What would YOU say to the Oversight Committee if YOU were asked??

Discussion in 'Random Ramblings' started by I have WHAT in my yard?, Jan 16, 2011.

  1. I have WHAT in my yard?

    I have WHAT in my yard? Chillin' With My Peeps

    Jun 24, 2008
    Eggberg, PA
    Tarp was a huge and hugely controversial program that ended just this month. In theory anyway.

    Most people have very strong feelings about whether or not the TARP program “worked” . Did it save the country from financial ruin or did it drive the country into financial ruin?

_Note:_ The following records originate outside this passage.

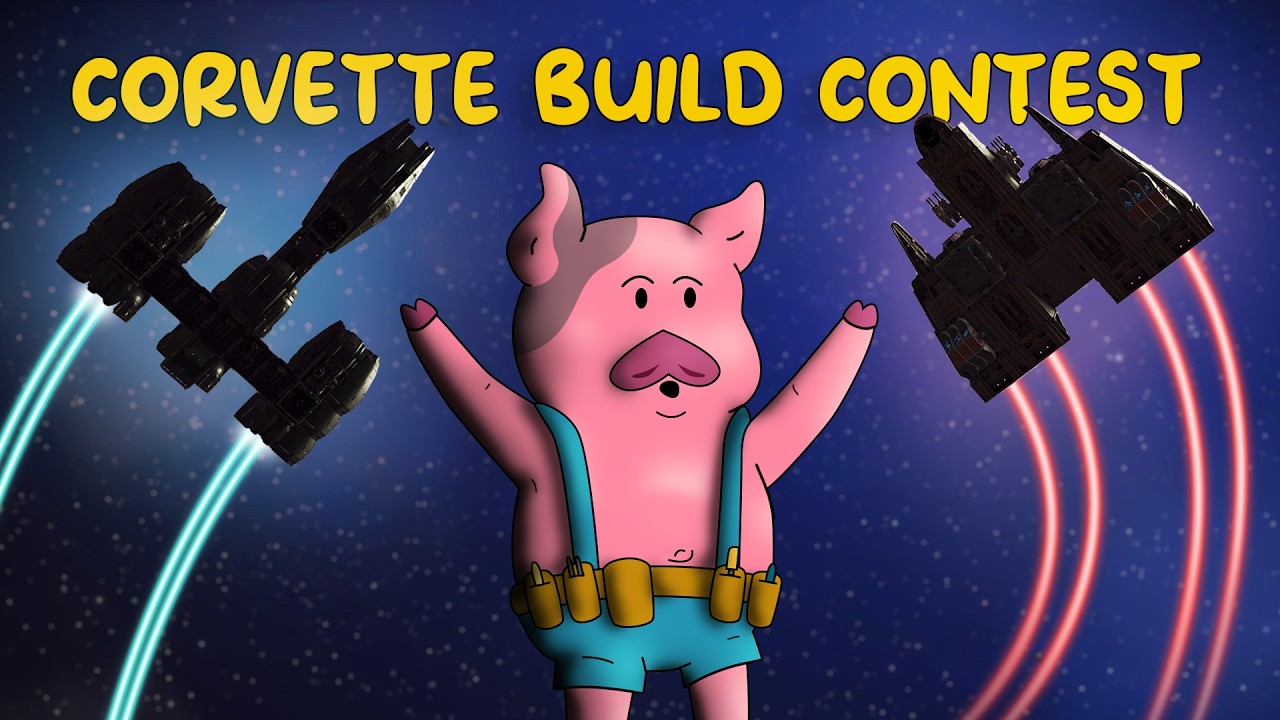 Join the Corvette Build Contest! - No Man's Sky Challenge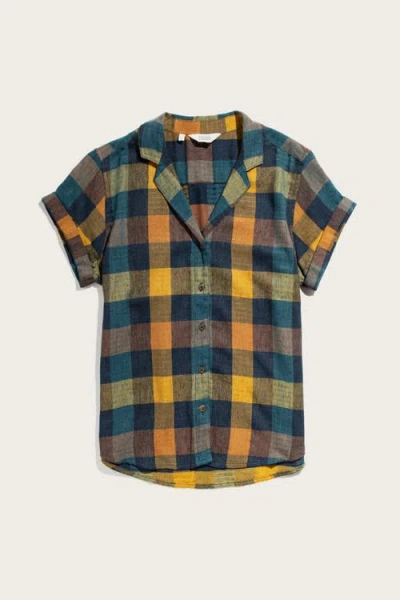 Bridge & Burn Innes Shirt In Blue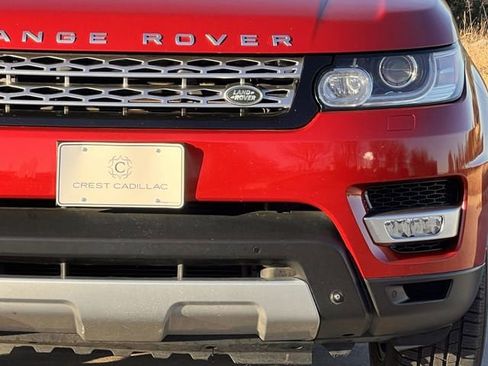 Used 2015 Land Rover Range Rover Sport HSE image 10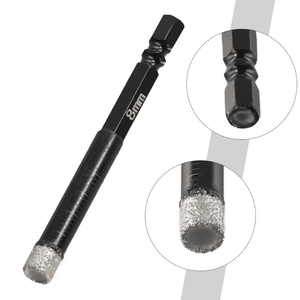 Broca Diamantada PRO – Perforación Rápida en Cerámica, Porcelanato, Mármol y Granito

    The problem is that the only people who really grasp the details seem to be the very people who benefitted from it. And, oddly it is pretty much only them who have been asked if TARP was successful.

    I think that the government needs to hear from a John Q. Citizen who is actually paying attention, on how the citizens feel about TARP.

    Its over, right? So who cares? Well, you should care. Because it might be “over”, but it is still winding down.

    If you could tell a congress member what you think of TARP, what would you say?

    If they asked you if it was “successful” What would you say?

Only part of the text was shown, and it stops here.